*Instructions to follow*.
Reproduce exactly only the lines from the line that holds "Modul Wireless CarPlay" to the line that holds "流體拋光機(jī)不是一臺(tái)設(shè)備，", inclusive, in the listing below, and please leave out every picture.
[[ Data to use open ]]
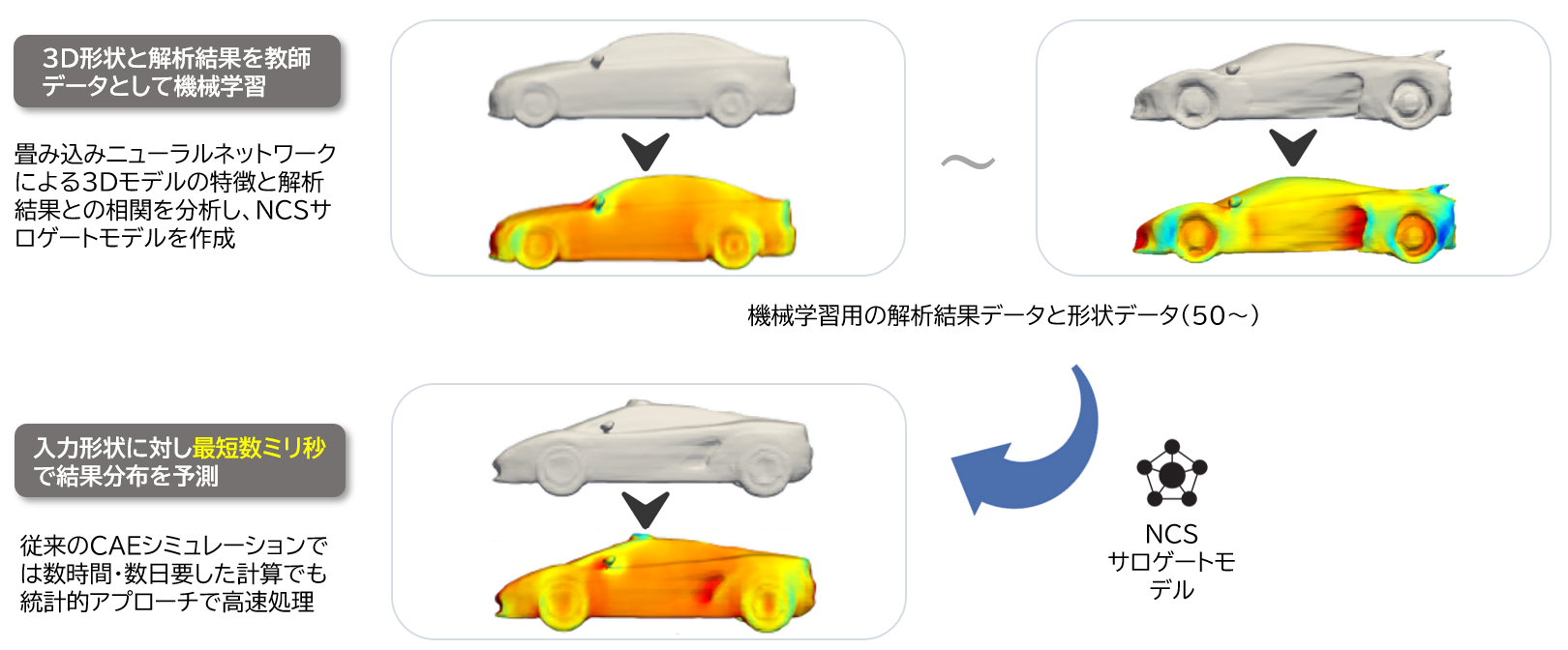 過去のCAE/シミュレーションデータを有効活用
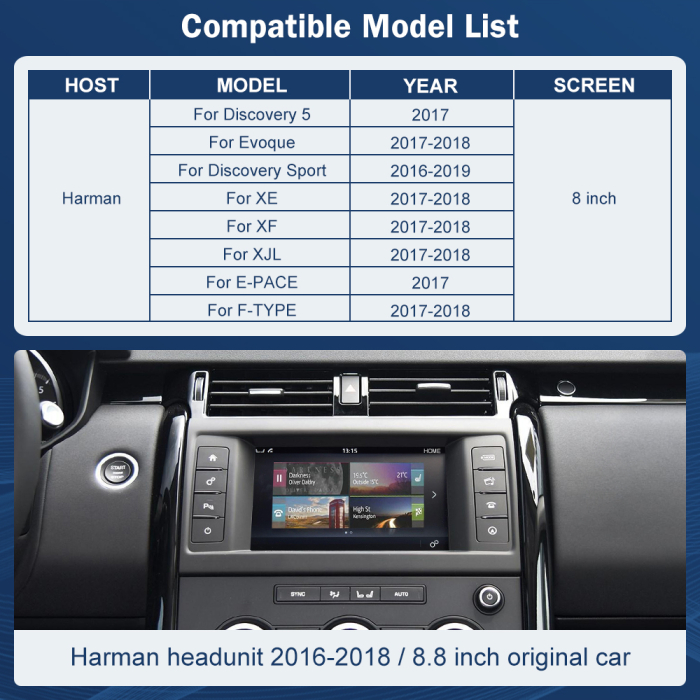 Modul Wireless CarPlay & Android Auto pentru Land Rover / Jaguar – HARMAN [3]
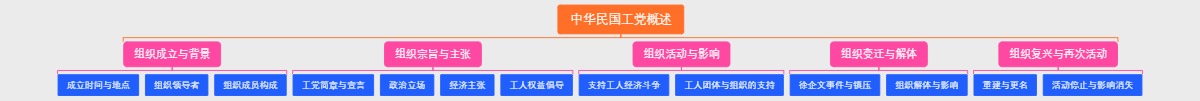 中华民国工党概述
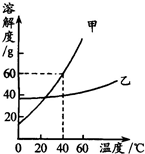 360优课网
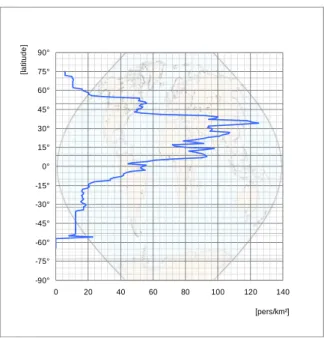 Graphique de corrélation en latitude de la densité de demande  énergétique primaire par personne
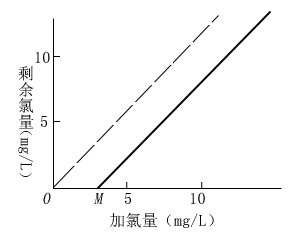 加氯量与剩余氯量的一般关系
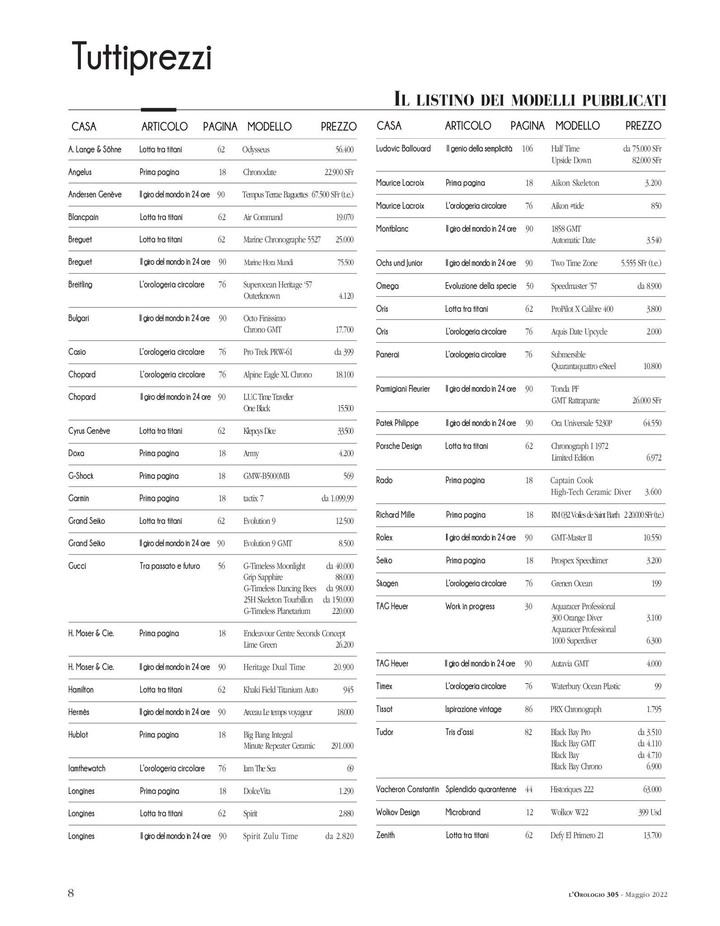 L’OROLOGIO screenshot image 3_Popularmodapk.com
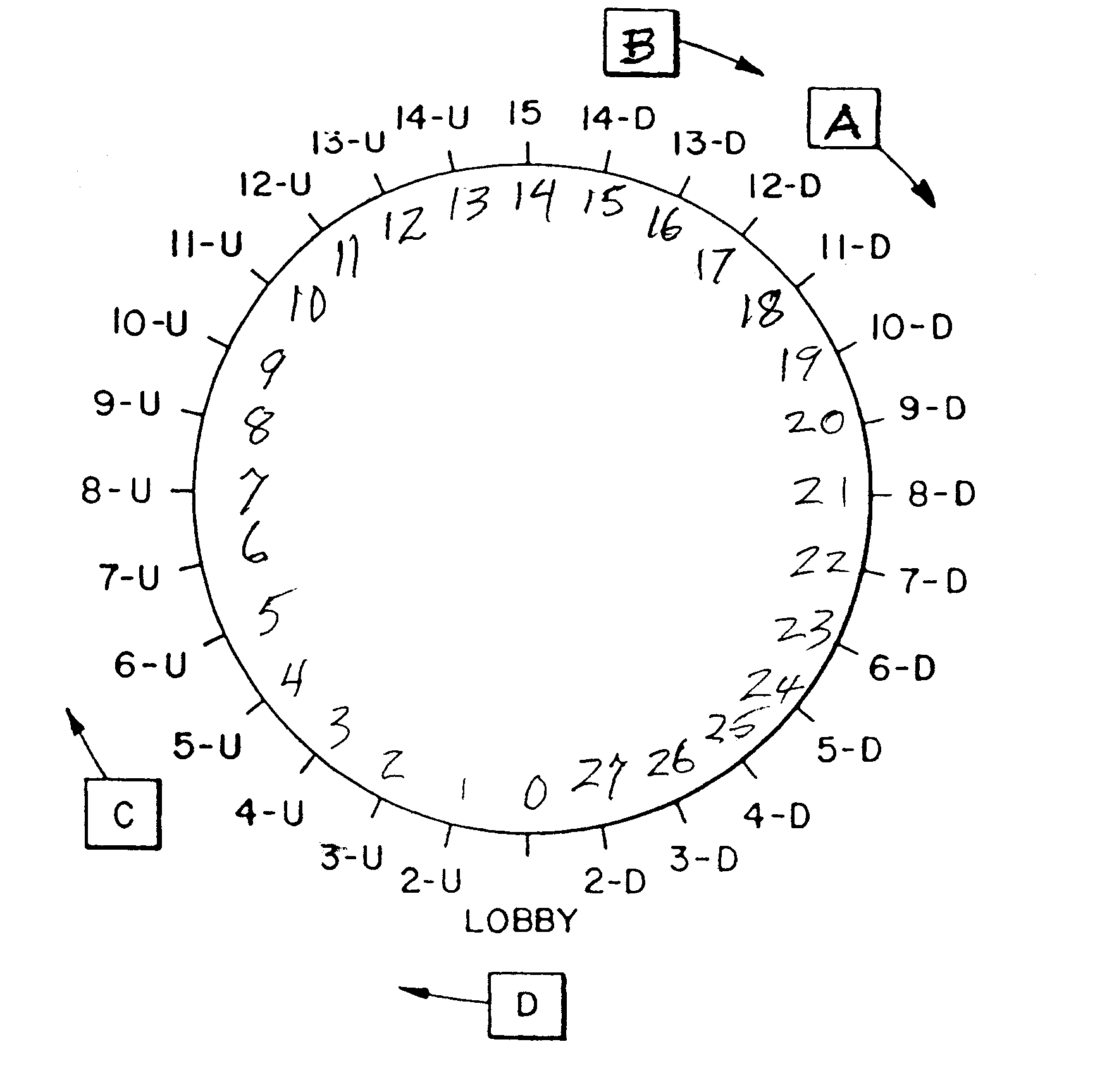 Modifying elevator group behavior utilizing complexity theory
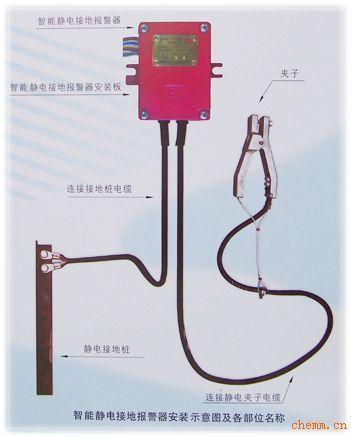 产品关键词:底部装油鹤管  静电接地报警器  装车鹤管  定量装车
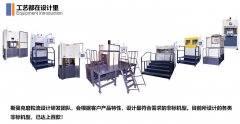 流體拋光機(jī)不是一臺(tái)設(shè)備，而是一項(xiàng)系統(tǒng)工程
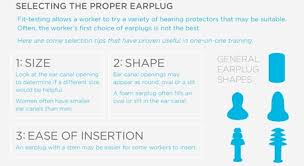 Ear Plug Selection And Fitting Best Practices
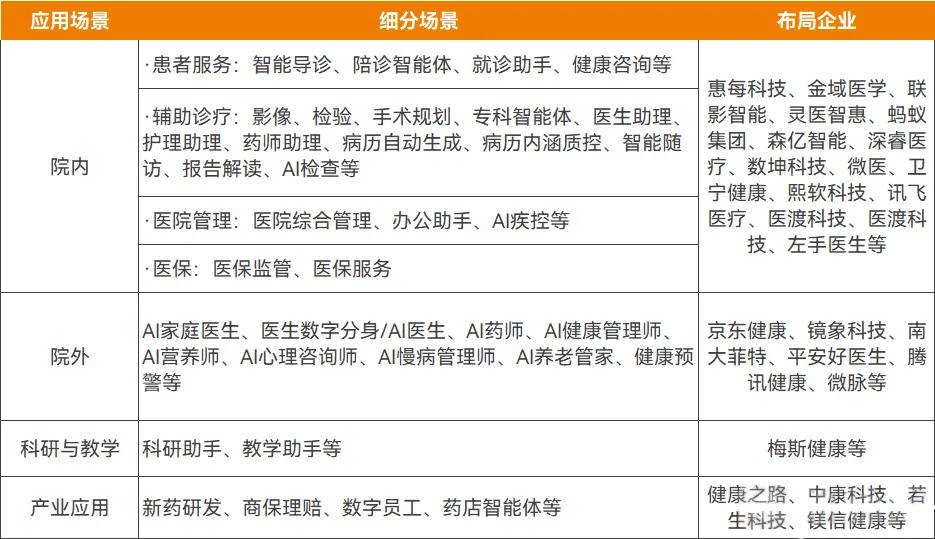 医疗智能体，如何从概念走向应用？
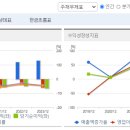 미래메딕스 이미지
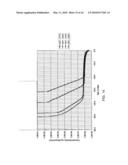 OXIDE-CONTAINING FILM FORMED FROM SILICON diagram and image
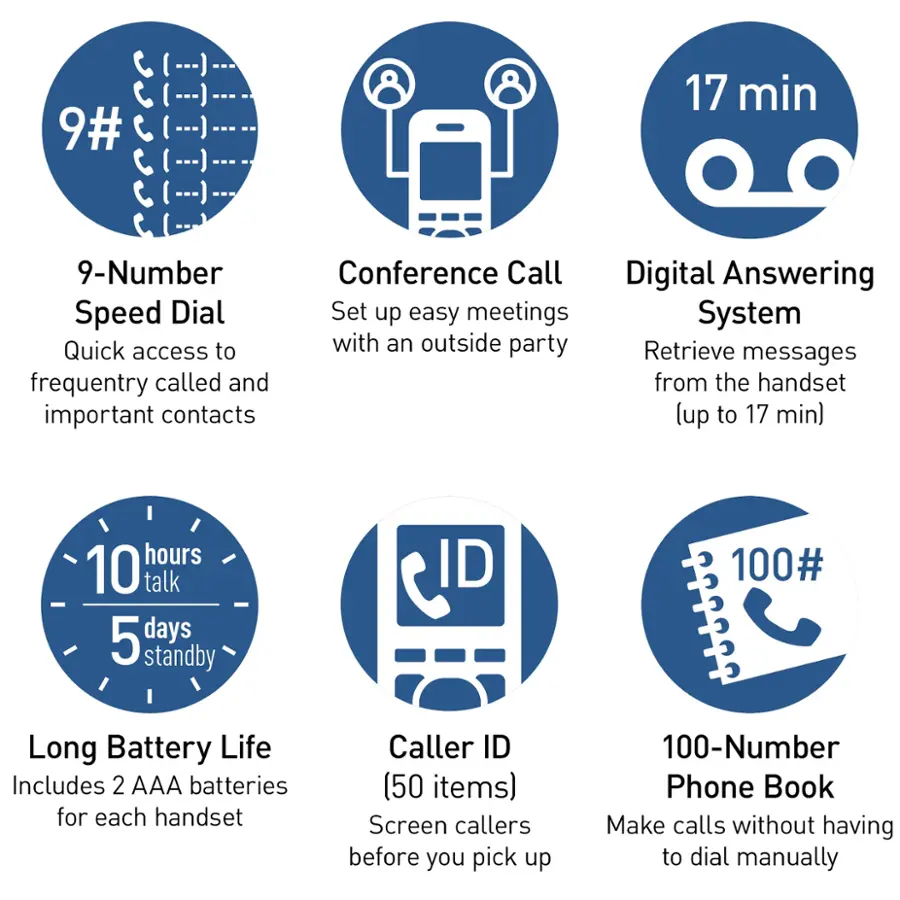 1. 9-Number Speed Dial: Quick access to frequently called and important contacts.
2. Conference Call: Set up easy meetings with an outside party.
3. Digital Answering System: Retrieve messages from the handset up to 17 minutes.
4. Long Battery Life: Includes 2 AAA batteries for each handset.
5. Caller ID: Screen callers before you pick up.
6. 100-Number Phone Book: Make calls without having to dial manually.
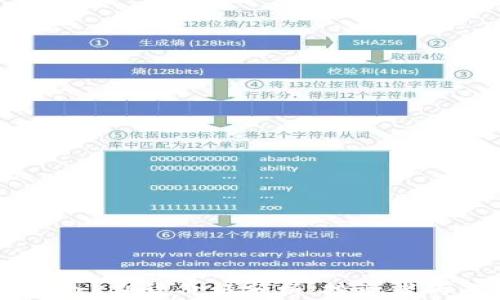 
PI Network期货价格分析：投资者的未来展望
[[ Data to use closed ]]
*Task response*.
 Modul Wireless CarPlay & Android Auto pentru Land Rover / Jaguar – HARMAN [3]
 中华民国工党概述
 360优课网
 Graphique de corrélation en latitude de la densité de demande  énergétique primaire par personne
 加氯量与剩余氯量的一般关系
 L’OROLOGIO screenshot image 3_Popularmodapk.com
 Modifying elevator group behavior utilizing complexity theory
 产品关键词:底部装油鹤管  静电接地报警器  装车鹤管  定量装车
 流體拋光機(jī)不是一臺(tái)設(shè)備，而是一項(xiàng)系統(tǒng)工程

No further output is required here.